Veamos. El área principal de las supuestas inversiones es ferrocarriles (8000 millones de dólares). Justamente, el acuerdo habla no de inversión, sino de “inversión o financiamiento”, es decir, préstamos. Y el gobierno mismo tuvo que decir que en ferrocarriles se trata de préstamos, que deberán ser reintegrados por el estado... o por los usuarios, bajo la forma de tarifas. Si las “inversiones” van a ser todas así, en realidad el acuerdo consiste en abrir una vía alternativa a los “mercados” habituales (EEUU, Europa y Japón) para financiar las necesidades del estado postdefault.

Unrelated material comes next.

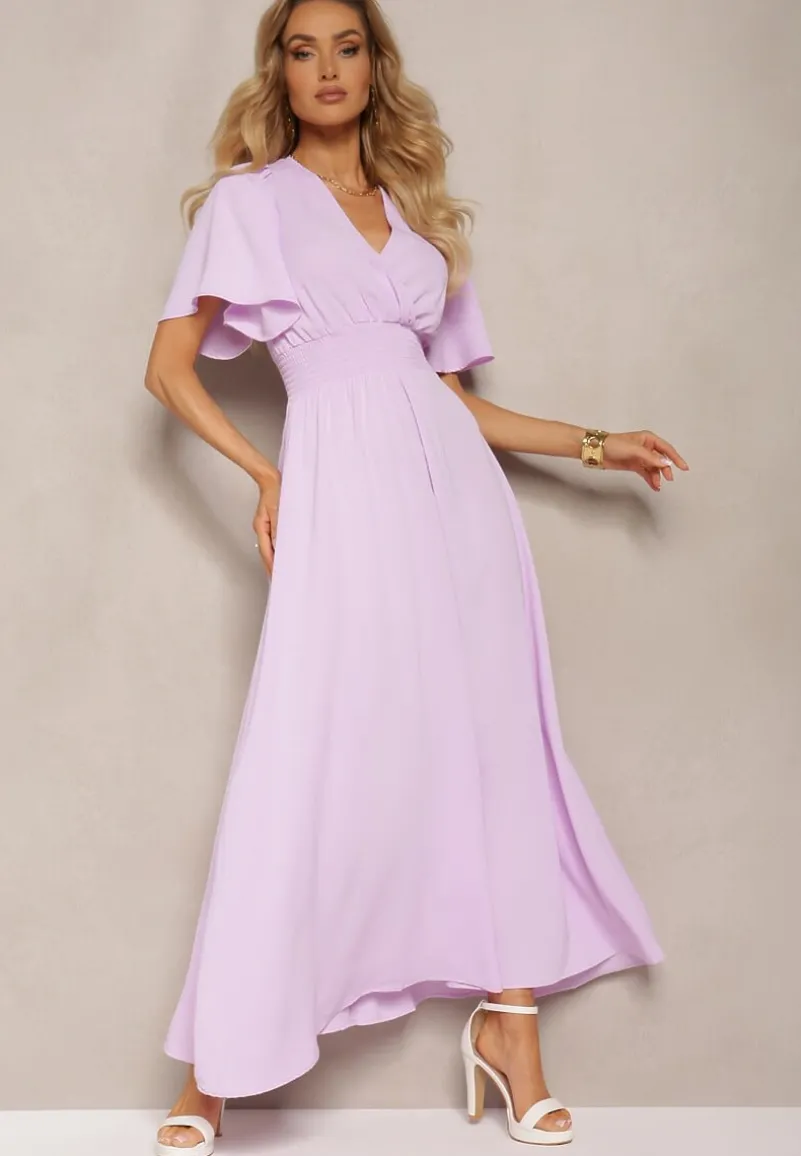 Jasnofioletowa Sukienka z Luźnymi Rękawami Wiązaniem z Wycięciem na Plecach i Gumką w Talii Valenta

El lugar de Argentina en el mundo

El verdadero problema de fondo es el tipo de inserción que tiene Argentina en el capitalismo globalizado; una inserción que empezó a construirse bajo el menemismo y que Kirchner no sólo mantiene sino que profundiza. Se trata de que Argentina cumple el rol de proveedor de materias primas o productos de muy bajo valor agregado –esto es, trabajo incorporado– de origen agrícola (sobre todo cereales y oleaginosas) o minero (el caso del petróleo y demás hidrocarburos).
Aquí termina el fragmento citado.